◆ **What you should do**:
Reproduce, from the line containing "Utility box with" to the last line of the material, every line exactly.

====================

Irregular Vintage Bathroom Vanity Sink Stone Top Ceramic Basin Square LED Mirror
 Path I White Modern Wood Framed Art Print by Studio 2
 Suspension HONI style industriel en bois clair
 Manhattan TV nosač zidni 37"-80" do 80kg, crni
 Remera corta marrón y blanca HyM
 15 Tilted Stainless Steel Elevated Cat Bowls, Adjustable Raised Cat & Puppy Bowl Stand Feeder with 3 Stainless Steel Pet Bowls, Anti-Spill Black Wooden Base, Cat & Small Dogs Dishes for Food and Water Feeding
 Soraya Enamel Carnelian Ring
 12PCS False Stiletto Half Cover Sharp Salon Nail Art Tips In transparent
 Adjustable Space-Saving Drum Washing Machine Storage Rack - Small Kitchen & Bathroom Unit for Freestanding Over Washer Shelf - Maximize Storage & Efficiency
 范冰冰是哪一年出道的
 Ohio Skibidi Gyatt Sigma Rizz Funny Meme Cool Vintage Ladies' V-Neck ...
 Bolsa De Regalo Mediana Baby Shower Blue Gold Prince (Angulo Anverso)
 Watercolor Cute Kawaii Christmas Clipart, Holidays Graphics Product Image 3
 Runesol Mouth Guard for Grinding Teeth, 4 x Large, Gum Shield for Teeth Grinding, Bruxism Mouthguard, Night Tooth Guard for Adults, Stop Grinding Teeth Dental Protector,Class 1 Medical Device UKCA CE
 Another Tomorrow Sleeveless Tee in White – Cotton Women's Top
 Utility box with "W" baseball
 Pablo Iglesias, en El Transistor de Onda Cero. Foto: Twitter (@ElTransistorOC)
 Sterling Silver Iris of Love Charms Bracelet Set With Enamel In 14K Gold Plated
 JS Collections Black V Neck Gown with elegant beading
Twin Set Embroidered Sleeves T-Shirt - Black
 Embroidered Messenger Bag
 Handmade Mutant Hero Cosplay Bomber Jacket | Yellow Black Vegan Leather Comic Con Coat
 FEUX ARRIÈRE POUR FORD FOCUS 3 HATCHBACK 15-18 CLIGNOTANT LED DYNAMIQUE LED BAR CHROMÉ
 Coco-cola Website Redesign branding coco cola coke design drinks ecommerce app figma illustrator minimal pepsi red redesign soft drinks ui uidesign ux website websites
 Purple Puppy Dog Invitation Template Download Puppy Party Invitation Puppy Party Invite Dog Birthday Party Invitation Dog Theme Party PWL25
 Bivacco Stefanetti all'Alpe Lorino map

====================

◆ **Answer area**:
 Utility box with "W" baseball
 Pablo Iglesias, en El Transistor de Onda Cero. Foto: Twitter (@ElTransistorOC)
 Sterling Silver Iris of Love Charms Bracelet Set With Enamel In 14K Gold Plated
 JS Collections Black V Neck Gown with elegant beading
Twin Set Embroidered Sleeves T-Shirt - Black
 Embroidered Messenger Bag
 Handmade Mutant Hero Cosplay Bomber Jacket | Yellow Black Vegan Leather Comic Con Coat
 FEUX ARRIÈRE POUR FORD FOCUS 3 HATCHBACK 15-18 CLIGNOTANT LED DYNAMIQUE LED BAR CHROMÉ
 Coco-cola Website Redesign branding coco cola coke design drinks ecommerce app figma illustrator minimal pepsi red redesign soft drinks ui uidesign ux website websites
 Purple Puppy Dog Invitation Template Download Puppy Party Invitation Puppy Party Invite Dog Birthday Party Invitation Dog Theme Party PWL25
 Bivacco Stefanetti all'Alpe Lorino map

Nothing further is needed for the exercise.